State-of-the-art Virtualisation Technologies for the Centralised Automotive E/E Architecture

Zixuan Guo Konstantinos Koufos ^* Mehrdad Dianati Roger Woodman

• University of Warwick, Coventry, West Midlands, United Kingdom

The automotive industry is undergoing profound changes, driven by the need for safer, more environmentally friendly, and more accessible future mobility and transport systems for goods and people. Enabling technologies include electrification, digitalisation, and automation of future vehicles. These technologies are powered by a multitude of onboard Electronic Control Units (ECUs). A typical modern vehicle has about 100 physical ECUs to enable various aspects of its function. These legacy many-ECU electronic/electrical (E/E) architecture models, known as distributed E/E architecture, are deemed inefficient as the number of ECUs and their processing power requirements keep increasing. In contrast, emerging centralised E/E architectures propose using fewer physical high-performance onboard processors on which an almost unlimited number of virtual ECUs can be created to handle various legacy and modern applications. As a result, virtualisation techniques, which enable multiple virtual ECUs with different operating systems to run concurrently on a single hardware platform, are promising models for modern centralised E/E architectures.

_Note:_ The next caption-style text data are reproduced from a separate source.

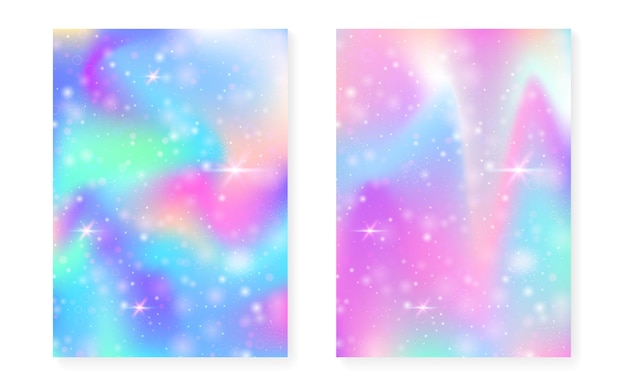 Fondo de princesa con degradado de arco iris kawaii. holograma de unicornio mágico. conjunto de hadas holográficas. funda de fantasía fluorescente. fondo de princesa con destellos y estrellas para invitación de fiesta de niña linda.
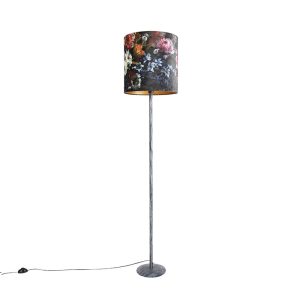 Vintage stojací lampa starožitný šedý odstín květinový design 40 cm – Simplo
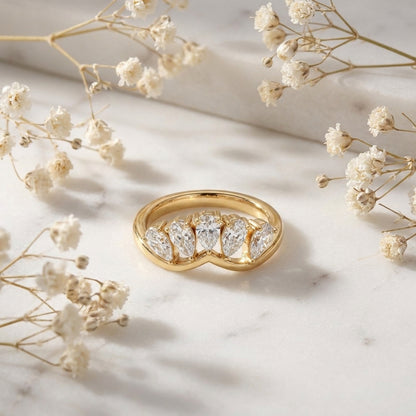 Geometric Electroplated Rings For Women In 304 Stainless Steel With 18K Real Gold PVD Coated And Shell Inlay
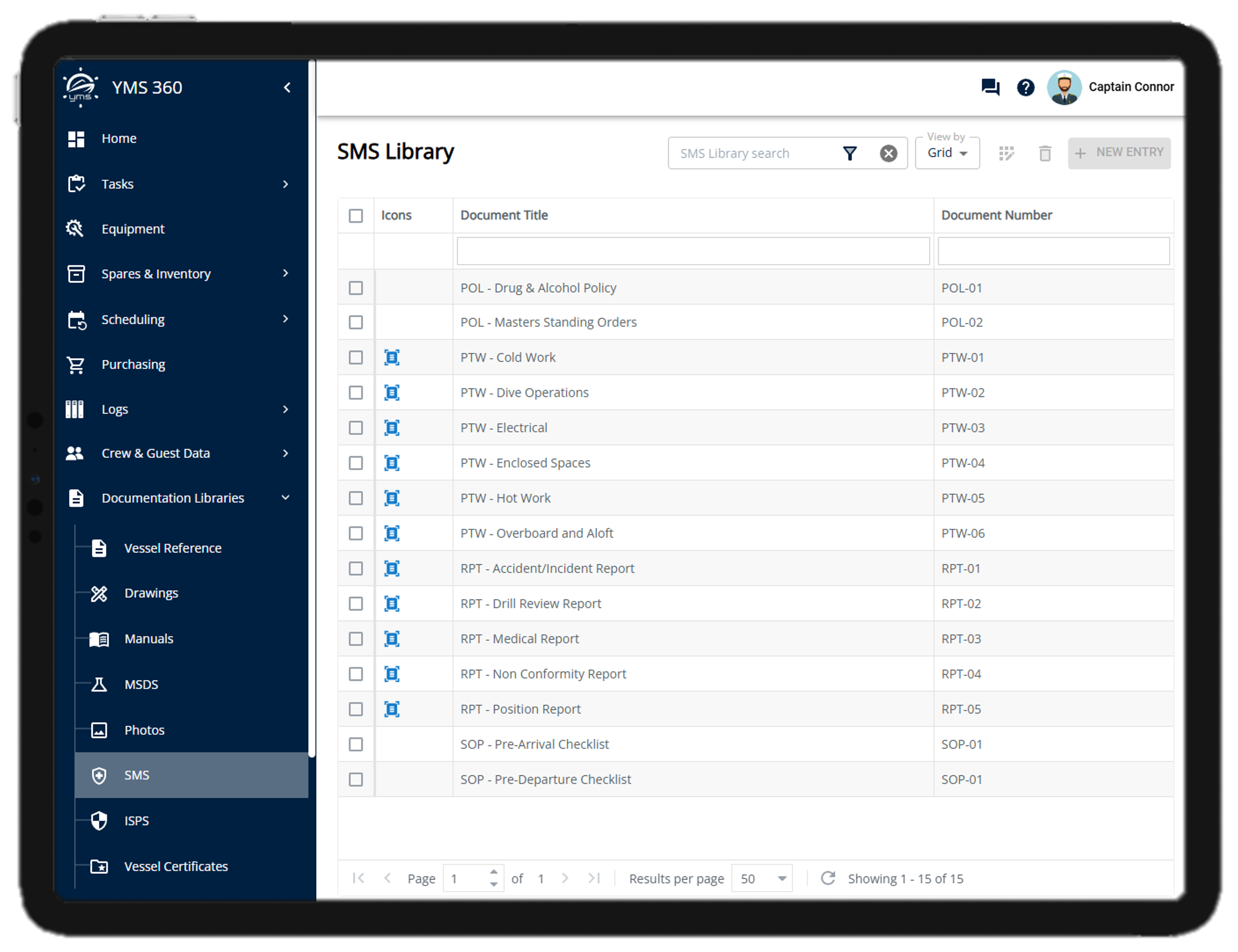 YMS360 SMS document library listing permits to work and vessel reports.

Motivated by this trend, this paper provides a structured and comprehensive state-of-the-art review of virtualisation techniques for automotive applications, covering areas such as resource allocation, AUTOSAR, peripheral I/O interfaces, and in-vehicle communication networks. We comprehensively review the literature and identify research gaps in virtualisation techniques for cache management, paravirtualsation, software-defined networking for in-vehicle networks, and virtualisation for enhanced prototyping and testing in the context of modern E/E architectures for modern vehicles.